Plakate mit aktuellen Überschriften standen im Mittelpunkt eines kleinen Schauspiels der Schüler der Michaelschule bei der Gedenkfeier zur Pogromnacht.

Mit eindringlichen Worten warb am Montagabend Bürgermeister Jan Peter Bechtluft für mehr Toleranz und Offenheit. Bei der Gedenkfeier zur Pogromnacht von 1938 sagte er: „Intoleranz entsteht im Kopf. Intoleranz führt zu Hass. Hass führt zu Mord.“ Rund 250 Besucher waren zur traditionellen Gedenkfeier zum Denkmal für die zerstörte Synagoge am Hauptkanal neben der Sparkasse gekommen. Bechtluft war froh, dass so viele Papenburger an diesem Abend ein Zeichen der Erinnerung und der Mahnung setzten.

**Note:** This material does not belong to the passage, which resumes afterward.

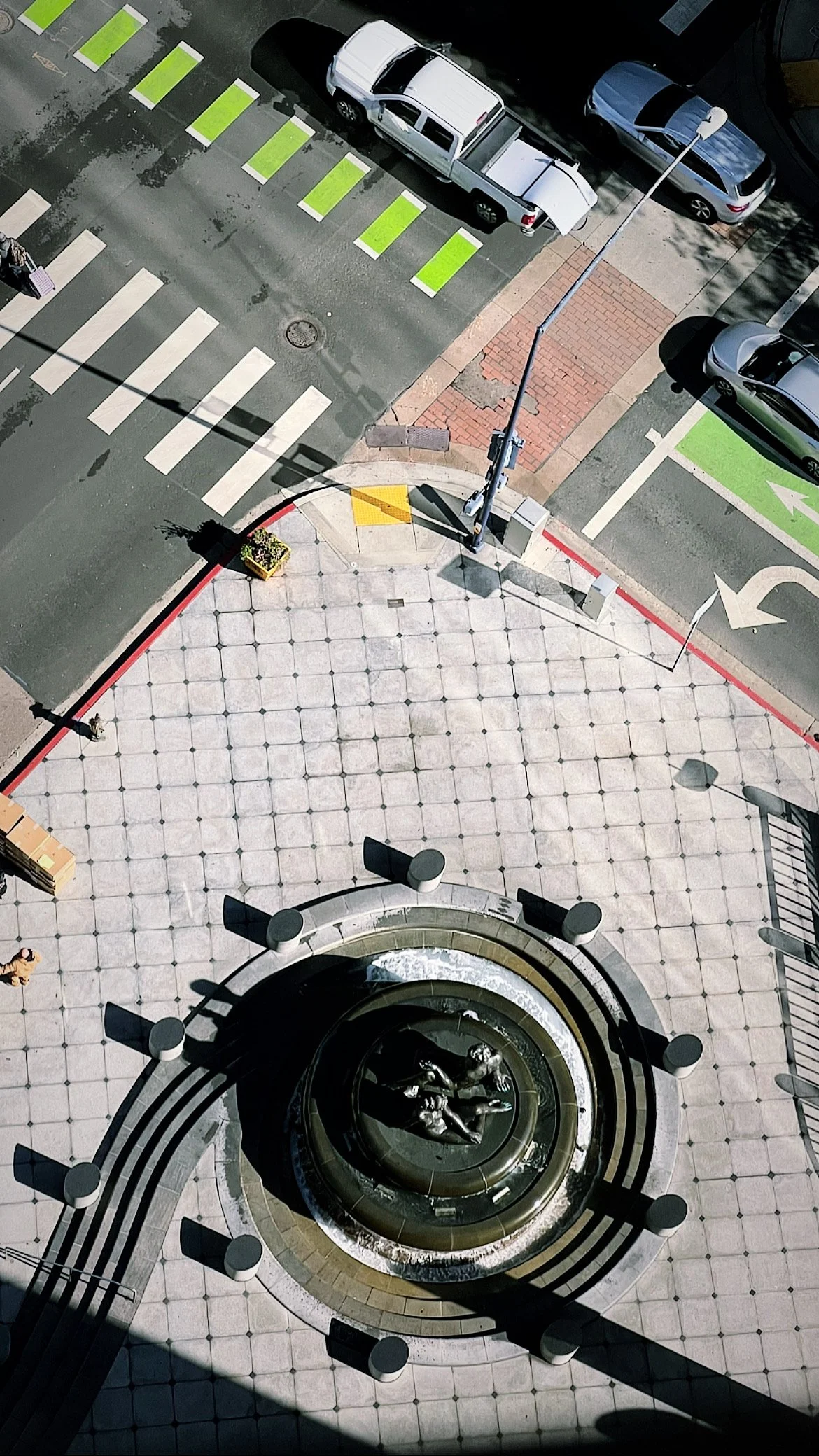 Bird's-eye view of a city intersection with a fountain and sculpture, crosswalks, parked cars, street signs, and sidewalk details.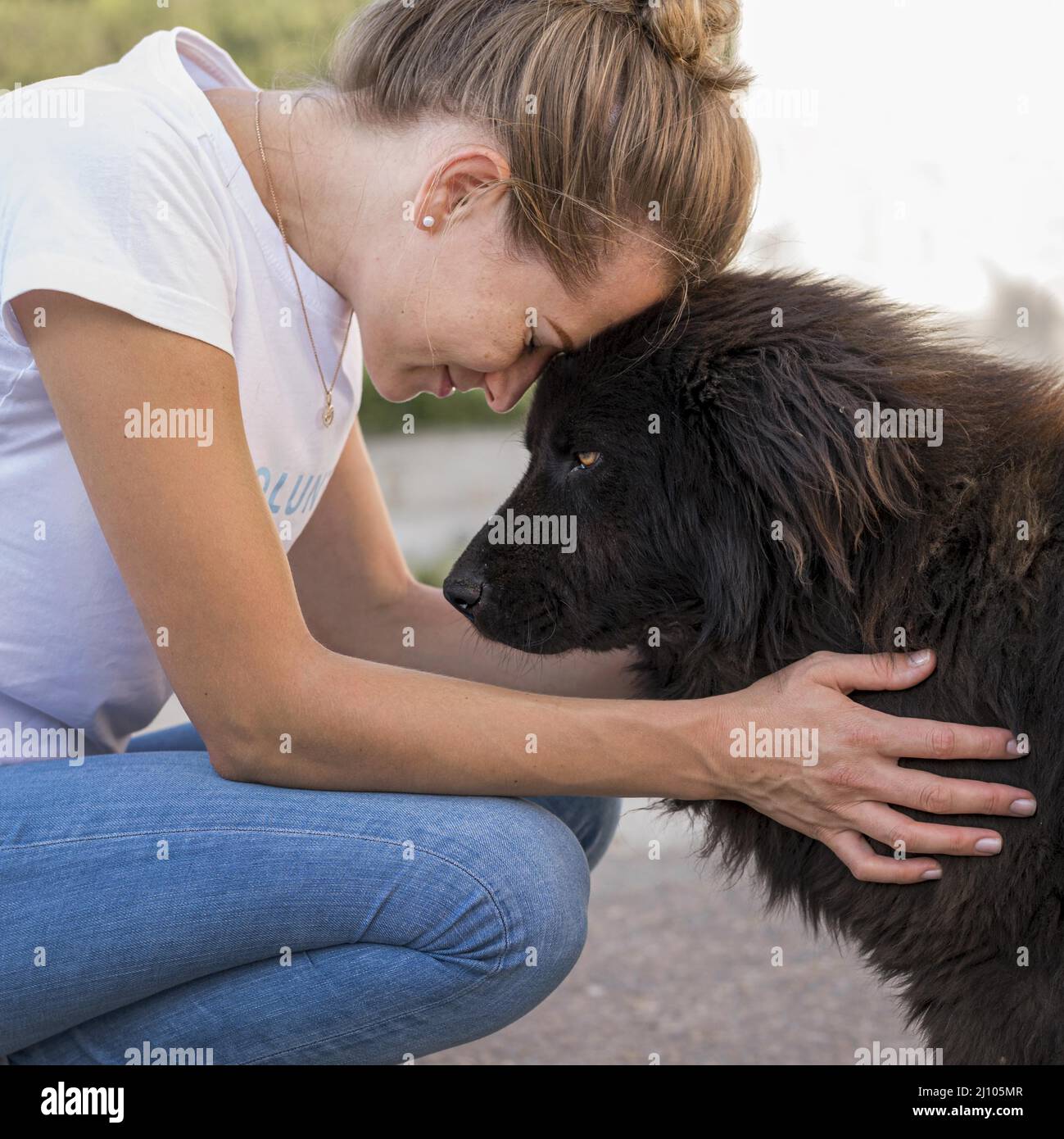 Vista laterale donna con morbido cane nero all'aperto Foto Stock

„Die schrecklichen Ereignisse sollen uns ins Gedächtnis rufen, wie diese unvorstellbaren Verbrechen passieren konnten. Wir stehen heute hier, um sicher zu stellen, dass so etwas nie wieder passiert.“ In der Nacht vom 9. auf den 10. November 1938 kam es im Deutschen Reich zu organisierten Pogromen gegen jüdische Deutsche. Dabei wurden zahlreiche Synagogen in ganz Deutschland zerstört, mehrere hundert Menschen getötet und tausende Juden verhaftet und deportiert. Die Pogromnacht ist der Beginn der massenhaften Verfolgung der Juden und ihrer anschließenden Vernichtung in Konzentrationslagern.

 

Namen der jüdischen Opfer wurden verlesen

Diese Geschehnisse und Entwicklungen nahmen auch die Schüler der Michaelschule auf, die das Programm der diesjährigen Gedenkveranstaltung gestaltet hatten. Sie zogen allerdings auch Bezüge zu aktuellen politischen Diskussionen. So zeigten die Schüler Schlagzeilen der vergangenen Wochen über brennende Flüchtlingsheime und rechte Gewalt gegen Asylbwerber und ihre Helfer. Im Anschluss an die szenische Darstellung verneigten sich zwei der Schüler gemeinsam mit Bürgermeister Bechtluft vor dem Gedenkstein. Dann wurden die Namen der jüdischen Opfer des nationalsozialistischen Terrors in Papenburg verlesen.

 

Hinweis auf kürzlich verstorbenen Wilhelm Polak

Auf einen Namen hatte dabei Bürgermeister Bechtluft bereits in seiner Ansprache hingewiesen: Auf den kürzlich gestorbenen Wilhelm Polak. Bechtluft würdigte ihn als jemanden, der nach den Gräueln der Nazizeit den Papenburgern seine Hand gereicht habe. Wilhelm Polak habe danach sein eigenes Leben in seiner Heimatstadt aufgebaut und dadurch auch Papenburg mitaufgebaut. „Durch das mutige Ausstrecken seiner Hand an die Papenburger ist er ein Vorbild dafür, wie man Vorurteile und Intoleranz, sogar Hass überwinden kann.“ Bechtluft betonte an, dass man das Andenken an Wilhelm Polak würdigen werde. Die Benennung einer Straße im Ortsteil Untenende nach Wilhelm Polak käme dafür in Frage. Eingerahmt wurde die Gedenkfeier zur Pogromnacht wie in den Vorjahren vom Klezmer-Ensemble des Gymnasiums und vom Musikverein von 1996.